The return of soul music

Authenticity makes a comeback

The Economist, Jun 11th 2012, 










IT IS easy to understand why soul music is enjoying a revival. Faced with cuts in social spending and a sluggish economy, listeners in Britain may find solace in Adele's throaty songs of heartache. Two wars, a recession and rising education costs in America have been more than enough to get people singing along with Aloe Blacc's hit song "I Need a Dollar". Adele's two albums have earned her eight Grammy awards and chart success on par with the Beatles and Michael Jackson. "I Need a Dollar" went top-ten worldwide, became the theme song for HBO's show "How to Make it in America" and rocketed Mr Blacc to fame.
 
Artists like Adele (pictured) and Aloe Blacc are pop singers who embrace or borrow elements of soul, an American genre originated in the 1950s that grew out of the blues, R&B and African-American church music. The emotion and pain of original soul is inextricably linked to America's brutal history of slavery and racism. Music labels like Motown and Stax popularised the sound with artists such as Aretha Franklin, Ray Charles, Otis Redding and Wilson Pickett. Propelled by the civil-rights movement, soul music went mainstream by the early 1970s with artists such as Al Green and Isaac Hayes. Then the rise of disco eclipsed its success.
 
"Soul music was and is a culture and it was and is a good way of life," says Tim Sampson, spokesman for the Memphis-based Stax Museum of American Soul Music. "I think people want that again. Authenticity is making a real comeback, and it's obvious that people are interested in talent." 
 
Music by Adele and Mr Blacc is hook-based and geared for mainstream radio play, but it has just enough grit and style to set it apart from the shrink-wrapped pop ballads from the likes of Rihanna, Beyoncé and Justin Bieber.  Listeners who laid into Lana Del Reyfor her botched Saturday Night Live performance are greedy for Adele's raspy voice and soulful embellishments.
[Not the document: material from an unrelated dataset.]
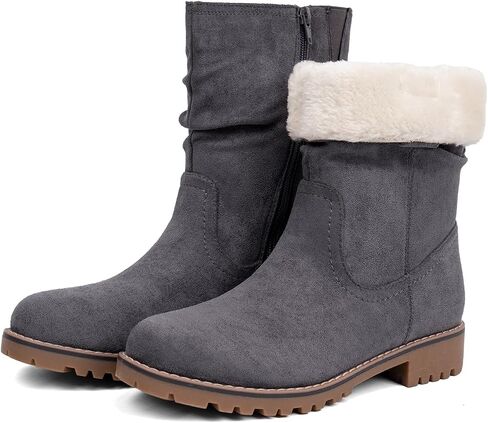 VJH confort Women's Mid Calf Boots Slouchy Riding Combat Low Heel Fur Lined Winter Zipper Booties in Kuwait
Both sensing soul's widening appeal and helping to drive it, Stax Records revived itself in 2007, and soul stars such as Bettye LaVette, Mavis Staples and Booker T. Jones of Booker T and the MGs have released new material. The Dap Kings, a soul revivalist band, created Daptone Records to support soul artists and has been touring and releasing soul records for more than a decade. The band backedAmy Winehouse, and continues to deliver a tight retro sound for Sharon Jones, a funk and soul singer whose anachronistic perfection deserves more attention.
  
In a restless, post-Arab spring, post-Occupy world, soul may be the new punk, albeit with less snivelly angst and a beat you can dance to. Unlike much of country music, which expresses disappointment in life and love with a twang of resignation and a nod to alcoholism, soul tends to convey stories of shattered dreams and lost love with a more robust upbeat. Ultimately soul is about having a good time despite the hard times. 
 
Neil Sugarman, who co-founded Daptone Records and fronts the soul band The Sugarman 3, says, "Even with her big pop hit 'Rehab,' it was honest to Amy [Winehouse]. It was real. That's the essence of soul music. It's honest. That combination of having a great grooving rhythm section, and someone singing who's in touch with their being, whether it's sad or happy."